Kato’s ‘Turn the Lights Off’ has resurfaced as a global meme in December 2025, after a dance clip featuring actor Jon Hamm from Apple TV+’s Your Friends & Neighbors was widely reused on TikTok and Instagram. The unexpected revival has pushed the 2010 Danish track back into international feeds and streaming charts, leaving the DJ—born Thomas Kato Vittrup—openly surprised by how fast the trend has travelled.

A Jon Hamm clip turned a 2010 Danish hit into a meme
The current wave is built around a short scene where Jon Hamm dances with his eyes closed in a blue-lit club. Users stitch the clip into everyday situations, often to signal a sudden shift from stress to relief, or a moment of nostalgia.
The original TV sequence has its own story: Your Friends & Neighbors follows Hamm’s character, Andrew “Coop” Cooper, a recently divorced and jobless hedge fund manager who starts stealing from wealthy neighbours. The meme format has detached from that plot and now works as a general visual shorthand for “escaping the moment.”
From Russia to global feeds in a matter of weeks
According to meme trackers, early versions of the trend circulated in Russia in autumn 2025 before spreading more broadly across platforms. Kato told Danish media that he initially noticed reels tagged with Cyrillic writing that he could not understand, and he hesitated to engage until the trend became clearly global.

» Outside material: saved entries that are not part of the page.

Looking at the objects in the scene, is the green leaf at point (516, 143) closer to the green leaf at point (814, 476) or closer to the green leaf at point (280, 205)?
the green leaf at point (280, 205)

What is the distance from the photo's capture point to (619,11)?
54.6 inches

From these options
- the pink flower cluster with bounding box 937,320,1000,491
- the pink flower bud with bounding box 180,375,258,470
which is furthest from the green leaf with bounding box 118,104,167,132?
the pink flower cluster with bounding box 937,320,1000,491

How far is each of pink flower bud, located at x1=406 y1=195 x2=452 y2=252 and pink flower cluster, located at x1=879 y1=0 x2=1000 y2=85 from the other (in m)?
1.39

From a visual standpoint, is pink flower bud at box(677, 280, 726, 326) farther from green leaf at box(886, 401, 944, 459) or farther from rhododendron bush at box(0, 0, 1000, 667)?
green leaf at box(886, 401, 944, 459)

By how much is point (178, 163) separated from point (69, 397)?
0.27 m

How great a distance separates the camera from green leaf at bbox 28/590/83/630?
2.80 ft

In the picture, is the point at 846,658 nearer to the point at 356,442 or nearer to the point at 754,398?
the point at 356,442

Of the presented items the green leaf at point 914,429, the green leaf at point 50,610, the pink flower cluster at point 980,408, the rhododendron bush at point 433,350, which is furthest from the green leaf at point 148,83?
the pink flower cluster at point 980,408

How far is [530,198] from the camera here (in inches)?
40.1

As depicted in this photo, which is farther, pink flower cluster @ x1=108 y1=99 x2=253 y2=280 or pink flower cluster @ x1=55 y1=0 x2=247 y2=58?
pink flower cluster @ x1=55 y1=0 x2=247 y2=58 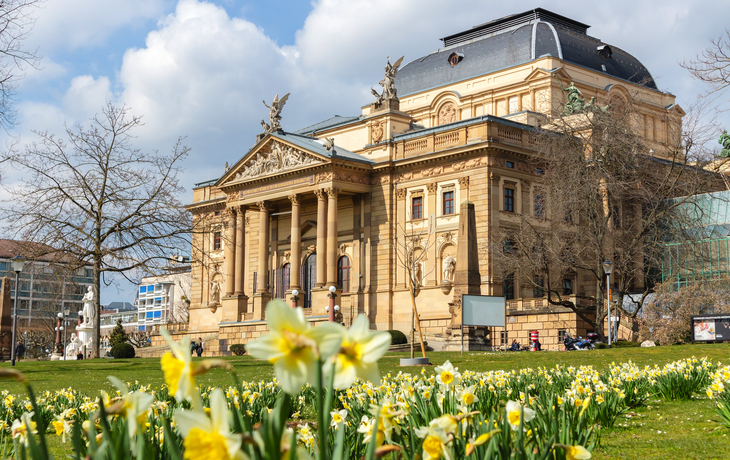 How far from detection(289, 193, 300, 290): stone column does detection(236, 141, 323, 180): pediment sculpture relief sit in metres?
2.59

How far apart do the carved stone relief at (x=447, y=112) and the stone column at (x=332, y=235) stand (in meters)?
15.4

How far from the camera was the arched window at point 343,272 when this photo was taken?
62500 mm

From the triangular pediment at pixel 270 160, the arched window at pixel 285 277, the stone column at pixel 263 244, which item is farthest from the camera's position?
the arched window at pixel 285 277

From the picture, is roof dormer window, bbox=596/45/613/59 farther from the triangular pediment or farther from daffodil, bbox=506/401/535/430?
daffodil, bbox=506/401/535/430

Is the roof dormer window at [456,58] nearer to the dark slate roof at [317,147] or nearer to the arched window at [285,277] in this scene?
the dark slate roof at [317,147]

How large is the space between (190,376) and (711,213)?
56.6m

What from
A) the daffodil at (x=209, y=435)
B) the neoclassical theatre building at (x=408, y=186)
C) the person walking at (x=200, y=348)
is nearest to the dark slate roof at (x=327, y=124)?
the neoclassical theatre building at (x=408, y=186)

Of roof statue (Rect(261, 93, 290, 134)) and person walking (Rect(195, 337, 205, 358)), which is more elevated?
roof statue (Rect(261, 93, 290, 134))

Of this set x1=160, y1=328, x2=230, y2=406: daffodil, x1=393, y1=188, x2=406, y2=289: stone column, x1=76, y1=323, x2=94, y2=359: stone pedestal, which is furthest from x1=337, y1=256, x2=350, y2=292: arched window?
x1=160, y1=328, x2=230, y2=406: daffodil

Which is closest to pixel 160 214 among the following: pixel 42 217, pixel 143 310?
pixel 42 217

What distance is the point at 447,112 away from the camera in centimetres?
7025

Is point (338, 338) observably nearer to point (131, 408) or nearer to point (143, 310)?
point (131, 408)

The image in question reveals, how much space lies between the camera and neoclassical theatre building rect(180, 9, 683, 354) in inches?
2163

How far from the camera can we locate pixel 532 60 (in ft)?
216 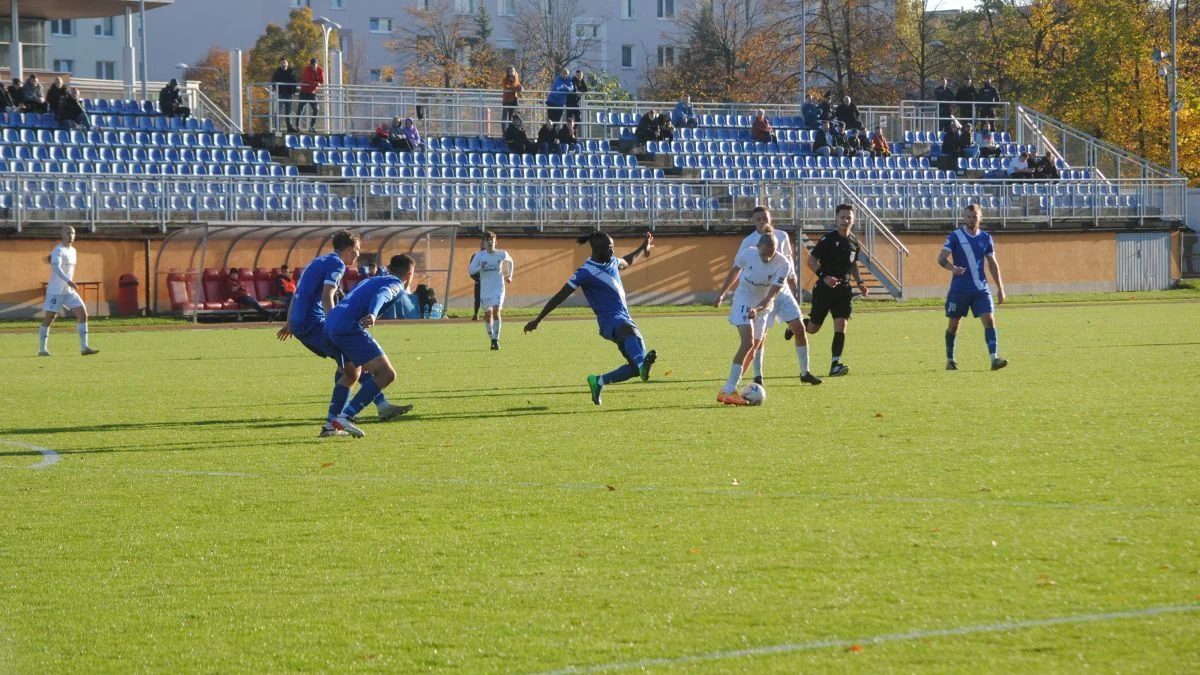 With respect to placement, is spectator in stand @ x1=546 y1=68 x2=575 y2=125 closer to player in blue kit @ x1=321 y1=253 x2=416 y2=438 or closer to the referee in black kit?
the referee in black kit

By early December, the format had moved beyond niche edits and into mainstream timelines, driven by the recognisable Jon Hamm clip and the track’s straightforward, club-ready hook.
What the metrics show and what remains unclear
Kato’s label, One Seven Music, has shared platform data indicating that the sound has been used at scale across TikTok and Instagram, with hundreds of millions of views and high engagement in likes and shares. The song has also surged in daily streams on major platforms.
At the same time, Kato has stressed that viral momentum can fade quickly. He has described the situation as “completely upside down” compared with normal music promotion, where international traction is typically slow and expensive to build.
Kato’s career, from Thisted to Denmark’s mainstream dance scene
Kato—real name Thomas Kato Vittrup—started DJing in Danish clubs in the mid‑2000s and broke through commercially with ‘Turn the Lights Off’, a 2010 cover version featuring vocals by Jon Nørgaard, a former winner of Denmark’s Popstars.
The single became a defining early hit and helped launch Kato’s album Discolized, which positioned him as part of Denmark’s mainstream dance and club circuit. Over the following years, he built a steady domestic career, including regular festival bookings and collaborations that blended house production with pop-leaning hooks.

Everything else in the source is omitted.